Data extracted from a collection:

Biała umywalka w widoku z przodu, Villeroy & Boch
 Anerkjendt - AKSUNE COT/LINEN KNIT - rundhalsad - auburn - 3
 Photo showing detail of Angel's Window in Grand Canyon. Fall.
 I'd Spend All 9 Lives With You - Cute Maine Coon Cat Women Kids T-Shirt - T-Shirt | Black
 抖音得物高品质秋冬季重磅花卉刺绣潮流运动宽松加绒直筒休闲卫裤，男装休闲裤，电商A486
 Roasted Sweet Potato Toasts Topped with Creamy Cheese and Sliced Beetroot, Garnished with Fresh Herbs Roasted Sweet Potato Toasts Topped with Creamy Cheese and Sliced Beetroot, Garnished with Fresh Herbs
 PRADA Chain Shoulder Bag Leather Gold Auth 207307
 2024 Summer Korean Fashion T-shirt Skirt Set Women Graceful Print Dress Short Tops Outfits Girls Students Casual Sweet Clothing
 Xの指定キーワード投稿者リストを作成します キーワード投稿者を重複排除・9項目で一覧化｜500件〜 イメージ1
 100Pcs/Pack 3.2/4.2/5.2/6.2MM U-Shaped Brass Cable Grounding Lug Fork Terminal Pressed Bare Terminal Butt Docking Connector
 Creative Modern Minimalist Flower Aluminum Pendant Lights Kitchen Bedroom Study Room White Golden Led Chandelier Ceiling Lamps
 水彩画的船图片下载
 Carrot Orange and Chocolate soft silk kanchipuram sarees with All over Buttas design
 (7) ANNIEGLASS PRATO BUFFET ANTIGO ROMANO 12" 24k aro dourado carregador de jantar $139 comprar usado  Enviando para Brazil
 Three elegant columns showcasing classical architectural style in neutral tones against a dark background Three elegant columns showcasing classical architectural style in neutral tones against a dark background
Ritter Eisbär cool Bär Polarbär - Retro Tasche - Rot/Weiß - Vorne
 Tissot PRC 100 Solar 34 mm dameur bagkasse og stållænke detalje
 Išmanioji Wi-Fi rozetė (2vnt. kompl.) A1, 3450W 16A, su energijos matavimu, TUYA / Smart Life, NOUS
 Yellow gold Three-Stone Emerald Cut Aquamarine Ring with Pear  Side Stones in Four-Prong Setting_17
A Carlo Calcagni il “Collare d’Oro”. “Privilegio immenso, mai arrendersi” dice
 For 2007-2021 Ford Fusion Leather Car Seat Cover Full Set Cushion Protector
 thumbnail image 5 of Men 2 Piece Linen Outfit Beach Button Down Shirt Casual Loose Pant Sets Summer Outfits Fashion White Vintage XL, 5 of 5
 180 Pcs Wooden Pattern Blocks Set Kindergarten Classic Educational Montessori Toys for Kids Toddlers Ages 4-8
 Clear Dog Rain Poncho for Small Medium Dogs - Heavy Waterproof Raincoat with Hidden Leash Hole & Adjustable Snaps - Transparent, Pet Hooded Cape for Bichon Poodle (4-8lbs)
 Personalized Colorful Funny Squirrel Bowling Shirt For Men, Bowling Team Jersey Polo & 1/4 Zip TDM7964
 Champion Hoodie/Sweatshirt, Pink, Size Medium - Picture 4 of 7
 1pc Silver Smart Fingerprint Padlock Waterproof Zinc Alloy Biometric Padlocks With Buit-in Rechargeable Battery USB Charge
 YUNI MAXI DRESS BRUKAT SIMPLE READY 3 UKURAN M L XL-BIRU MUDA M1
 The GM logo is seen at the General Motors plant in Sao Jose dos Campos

■ WHAT YOU HAVE TO DO
Precisely reproduce the lines of the entries, beginning at the first and ending at the one containing "抖音得物高品质秋冬季重磅花卉". Add nothing.

■ ANSWER TO THIS TASK
Biała umywalka w widoku z przodu, Villeroy & Boch
 Anerkjendt - AKSUNE COT/LINEN KNIT - rundhalsad - auburn - 3
 Photo showing detail of Angel's Window in Grand Canyon. Fall.
 I'd Spend All 9 Lives With You - Cute Maine Coon Cat Women Kids T-Shirt - T-Shirt | Black
 抖音得物高品质秋冬季重磅花卉刺绣潮流运动宽松加绒直筒休闲卫裤，男装休闲裤，电商A486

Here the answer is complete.